#### Task objective:
Everything in the data below is left aside except the lines from the one containing "Vibrant Garlands. Tiffany" through the one containing "1324 Locust Street - Photo Thumbnail 11"; repeat those exactly.
========
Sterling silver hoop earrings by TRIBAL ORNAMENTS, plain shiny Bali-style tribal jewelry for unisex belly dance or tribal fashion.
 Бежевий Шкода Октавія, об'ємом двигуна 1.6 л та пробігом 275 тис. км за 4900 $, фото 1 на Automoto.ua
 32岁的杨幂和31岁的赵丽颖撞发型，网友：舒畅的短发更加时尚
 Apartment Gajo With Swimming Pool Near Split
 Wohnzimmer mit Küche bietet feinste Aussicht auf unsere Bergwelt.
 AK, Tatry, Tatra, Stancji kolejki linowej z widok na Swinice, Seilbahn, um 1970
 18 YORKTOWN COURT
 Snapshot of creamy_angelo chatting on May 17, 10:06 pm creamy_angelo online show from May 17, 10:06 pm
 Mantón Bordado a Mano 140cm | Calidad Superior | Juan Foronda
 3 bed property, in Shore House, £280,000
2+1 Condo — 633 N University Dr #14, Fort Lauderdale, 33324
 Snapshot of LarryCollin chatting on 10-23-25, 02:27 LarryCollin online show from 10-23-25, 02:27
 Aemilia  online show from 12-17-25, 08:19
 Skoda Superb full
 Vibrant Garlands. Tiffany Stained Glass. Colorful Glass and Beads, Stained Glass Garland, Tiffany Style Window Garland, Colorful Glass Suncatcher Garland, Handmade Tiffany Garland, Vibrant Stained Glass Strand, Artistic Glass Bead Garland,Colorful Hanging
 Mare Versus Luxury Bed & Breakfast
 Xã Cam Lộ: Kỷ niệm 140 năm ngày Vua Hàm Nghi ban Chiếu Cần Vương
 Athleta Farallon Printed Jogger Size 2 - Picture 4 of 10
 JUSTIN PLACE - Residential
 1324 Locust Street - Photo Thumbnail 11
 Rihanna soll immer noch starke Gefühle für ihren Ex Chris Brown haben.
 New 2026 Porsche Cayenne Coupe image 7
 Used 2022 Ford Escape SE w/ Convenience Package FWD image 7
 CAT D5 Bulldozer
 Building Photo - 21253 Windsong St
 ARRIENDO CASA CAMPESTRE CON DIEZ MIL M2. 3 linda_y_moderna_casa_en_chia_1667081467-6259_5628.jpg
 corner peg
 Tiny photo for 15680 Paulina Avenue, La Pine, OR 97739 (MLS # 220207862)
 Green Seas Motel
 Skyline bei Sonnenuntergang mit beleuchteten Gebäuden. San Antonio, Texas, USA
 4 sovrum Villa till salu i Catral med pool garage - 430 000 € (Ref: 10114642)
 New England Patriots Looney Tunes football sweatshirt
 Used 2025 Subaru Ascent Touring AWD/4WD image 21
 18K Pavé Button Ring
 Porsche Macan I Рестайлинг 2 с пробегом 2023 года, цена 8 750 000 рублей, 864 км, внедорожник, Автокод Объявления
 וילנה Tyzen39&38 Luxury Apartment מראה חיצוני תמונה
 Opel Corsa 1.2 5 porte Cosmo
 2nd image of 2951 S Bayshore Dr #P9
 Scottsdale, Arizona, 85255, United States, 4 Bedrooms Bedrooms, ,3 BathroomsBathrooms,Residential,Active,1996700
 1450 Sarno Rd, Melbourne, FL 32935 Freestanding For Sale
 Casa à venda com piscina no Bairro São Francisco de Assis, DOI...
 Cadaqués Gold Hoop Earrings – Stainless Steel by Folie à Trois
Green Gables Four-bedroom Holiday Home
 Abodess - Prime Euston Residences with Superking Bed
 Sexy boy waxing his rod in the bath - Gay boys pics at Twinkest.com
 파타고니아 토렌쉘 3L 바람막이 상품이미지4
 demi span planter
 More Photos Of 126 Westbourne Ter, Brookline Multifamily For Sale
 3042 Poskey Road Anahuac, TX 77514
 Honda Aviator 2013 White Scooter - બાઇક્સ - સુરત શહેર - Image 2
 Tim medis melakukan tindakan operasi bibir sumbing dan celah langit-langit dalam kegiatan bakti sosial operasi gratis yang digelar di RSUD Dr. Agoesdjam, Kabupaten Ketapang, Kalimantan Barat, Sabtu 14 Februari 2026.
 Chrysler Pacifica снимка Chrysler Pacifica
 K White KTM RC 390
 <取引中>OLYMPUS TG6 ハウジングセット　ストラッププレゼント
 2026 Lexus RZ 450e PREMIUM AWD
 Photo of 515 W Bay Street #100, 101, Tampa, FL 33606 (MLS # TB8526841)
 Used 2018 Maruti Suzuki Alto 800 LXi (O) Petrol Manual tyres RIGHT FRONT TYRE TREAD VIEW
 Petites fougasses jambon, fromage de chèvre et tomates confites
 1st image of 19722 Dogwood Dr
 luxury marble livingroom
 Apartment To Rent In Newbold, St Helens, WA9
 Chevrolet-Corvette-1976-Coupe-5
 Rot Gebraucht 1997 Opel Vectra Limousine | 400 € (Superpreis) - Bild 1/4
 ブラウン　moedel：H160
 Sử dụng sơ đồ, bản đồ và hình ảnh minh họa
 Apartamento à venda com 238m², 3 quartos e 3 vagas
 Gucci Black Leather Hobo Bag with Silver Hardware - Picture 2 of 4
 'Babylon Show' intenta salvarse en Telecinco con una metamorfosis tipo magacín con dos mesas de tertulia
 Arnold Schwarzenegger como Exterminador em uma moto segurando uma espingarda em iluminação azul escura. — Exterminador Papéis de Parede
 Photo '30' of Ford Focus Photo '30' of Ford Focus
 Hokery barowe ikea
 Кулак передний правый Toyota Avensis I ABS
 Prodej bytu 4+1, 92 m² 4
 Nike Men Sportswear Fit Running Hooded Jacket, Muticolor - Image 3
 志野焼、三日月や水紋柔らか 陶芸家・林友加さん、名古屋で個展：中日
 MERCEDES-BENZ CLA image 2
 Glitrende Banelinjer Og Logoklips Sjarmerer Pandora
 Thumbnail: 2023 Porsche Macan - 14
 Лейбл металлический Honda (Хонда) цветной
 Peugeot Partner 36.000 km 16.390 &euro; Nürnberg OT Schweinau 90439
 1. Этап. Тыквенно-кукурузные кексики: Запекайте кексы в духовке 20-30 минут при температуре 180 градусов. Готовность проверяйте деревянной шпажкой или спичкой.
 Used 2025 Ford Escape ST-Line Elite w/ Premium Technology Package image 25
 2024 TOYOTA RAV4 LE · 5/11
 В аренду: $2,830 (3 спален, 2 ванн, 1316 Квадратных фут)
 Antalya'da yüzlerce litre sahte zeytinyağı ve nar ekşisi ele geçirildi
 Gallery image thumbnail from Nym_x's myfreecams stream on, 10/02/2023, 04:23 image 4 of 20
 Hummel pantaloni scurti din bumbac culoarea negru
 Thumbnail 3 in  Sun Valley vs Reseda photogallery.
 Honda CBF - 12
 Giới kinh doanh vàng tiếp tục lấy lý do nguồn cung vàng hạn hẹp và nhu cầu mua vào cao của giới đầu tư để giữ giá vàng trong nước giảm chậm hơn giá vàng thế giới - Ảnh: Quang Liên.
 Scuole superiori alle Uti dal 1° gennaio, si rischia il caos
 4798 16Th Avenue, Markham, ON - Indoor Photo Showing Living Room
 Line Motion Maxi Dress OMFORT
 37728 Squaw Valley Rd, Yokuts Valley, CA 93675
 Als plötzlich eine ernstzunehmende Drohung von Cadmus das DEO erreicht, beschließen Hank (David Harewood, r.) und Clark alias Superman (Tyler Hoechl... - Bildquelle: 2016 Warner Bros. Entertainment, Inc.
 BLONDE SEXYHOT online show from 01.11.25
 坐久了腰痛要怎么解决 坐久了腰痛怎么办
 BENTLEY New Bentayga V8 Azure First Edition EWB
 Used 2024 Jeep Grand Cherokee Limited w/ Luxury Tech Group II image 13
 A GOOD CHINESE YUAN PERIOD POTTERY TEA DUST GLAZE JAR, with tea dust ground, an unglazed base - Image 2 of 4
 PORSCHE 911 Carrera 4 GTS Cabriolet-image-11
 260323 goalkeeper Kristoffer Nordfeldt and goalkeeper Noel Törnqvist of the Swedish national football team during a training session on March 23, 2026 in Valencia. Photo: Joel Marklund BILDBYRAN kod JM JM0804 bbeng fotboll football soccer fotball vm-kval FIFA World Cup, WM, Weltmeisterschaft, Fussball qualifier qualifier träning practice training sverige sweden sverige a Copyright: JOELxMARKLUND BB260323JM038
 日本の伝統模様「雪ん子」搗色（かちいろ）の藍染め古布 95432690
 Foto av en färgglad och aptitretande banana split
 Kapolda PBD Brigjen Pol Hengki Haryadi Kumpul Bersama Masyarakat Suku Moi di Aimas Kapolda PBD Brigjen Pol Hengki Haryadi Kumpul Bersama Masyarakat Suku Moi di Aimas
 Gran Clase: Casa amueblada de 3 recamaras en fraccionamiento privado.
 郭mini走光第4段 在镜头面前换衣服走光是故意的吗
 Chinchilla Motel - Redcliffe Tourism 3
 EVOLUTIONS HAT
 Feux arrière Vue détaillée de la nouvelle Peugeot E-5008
========
#### Answer area:
 Vibrant Garlands. Tiffany Stained Glass. Colorful Glass and Beads, Stained Glass Garland, Tiffany Style Window Garland, Colorful Glass Suncatcher Garland, Handmade Tiffany Garland, Vibrant Stained Glass Strand, Artistic Glass Bead Garland,Colorful Hanging
 Mare Versus Luxury Bed & Breakfast
 Xã Cam Lộ: Kỷ niệm 140 năm ngày Vua Hàm Nghi ban Chiếu Cần Vương
 Athleta Farallon Printed Jogger Size 2 - Picture 4 of 10
 JUSTIN PLACE - Residential
 1324 Locust Street - Photo Thumbnail 11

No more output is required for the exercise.